J'ignore si j'ai encore une fois été trop franche en entrevue aujourd'hui.

Une copine à la "franchise" plus élastique que la mienne m'a reproché un jour être trop honnête (mon père m'a déjà fait le même reproche) et m'a raconté les pieux mensonges de son $ucce$$ story . Je me cherchais désespérément du travail et j'ai décidé d'assouplir mes idéaux de vertu. J'ai obtenu le poste à l'entrevue suivante. Le mensonge était d'une piété ridicule, mais je me sentais bullshiteuse de première.

Je saurai cette semaine si ma franchise s'est encore mis les pieds dans les plats de la docilité.

dimanche, octobre 21, 2007

Exquise


Exquise que cette journée d'automne volée à l'été. Marcher sur les sentiers de la montagne, respirer les odeurs de la forêt, apprécier les cris de joie de Bébé qui viennent briser la perfection de cette denrée rare qu'est le silence...des trappes à moments présents comme je les aime.



Les préposés à l'accueil des centres d'interprétation doutent souvent de la faisabilité de certains sentiers abruptes avec de jeunes enfants. Je m'en inquiète rarement.
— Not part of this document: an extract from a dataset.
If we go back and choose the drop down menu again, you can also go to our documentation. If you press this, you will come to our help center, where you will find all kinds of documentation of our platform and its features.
S'ils voyaient la détermination et le bonheur dans les yeux d'un jeune enfant lâché lousse en forêt, ils seraient aussi confiants.
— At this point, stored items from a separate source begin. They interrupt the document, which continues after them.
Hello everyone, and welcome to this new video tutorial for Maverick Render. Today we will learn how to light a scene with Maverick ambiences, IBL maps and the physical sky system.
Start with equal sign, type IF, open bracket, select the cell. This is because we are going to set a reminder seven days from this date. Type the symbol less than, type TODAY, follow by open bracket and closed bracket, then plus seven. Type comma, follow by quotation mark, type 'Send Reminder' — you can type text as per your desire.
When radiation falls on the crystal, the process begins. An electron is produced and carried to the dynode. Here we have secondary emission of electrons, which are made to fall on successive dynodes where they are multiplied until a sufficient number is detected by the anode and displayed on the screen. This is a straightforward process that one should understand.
D'accord, cela exige une (très) grande patience pour donner la main au petit de deux ans qui tient à grimper sur chaque souche et chaque pierre plus grosse qu'un ballon pour qu'on compte: "Un...deux...trois...GOOO!" avant d'en sauter, provoquant de ce fait un sublime éclat de rire qui se perd dans le calme de la montagne, mais ce rire est si sucré, si doux à mes oreilles, je ne peux y résister (Faux. Vive les épaules de papa-maman pour quelques répits!)



C'est l'automne, quoiqu'on pourrait en penser. En fin d'après-midi, et déjà la lune qui se pointe.

J'adore la bonne fatigue de marche en fin de journée. Elle me fait sentir accomplie.

vendredi, octobre 19, 2007

Automne

Un de mes plaisirs favoris de l'automne est le passage bruyant des oies sauvages. Je les trouve magnifiques, autant par leur beauté que par leurs cris ou leur organisation sociale. Chaque fois qu'une déléguation nous avertit de son passage par ses cris d'encouragement, je laisse mon occupation du moment, je les regarde et je suis émue.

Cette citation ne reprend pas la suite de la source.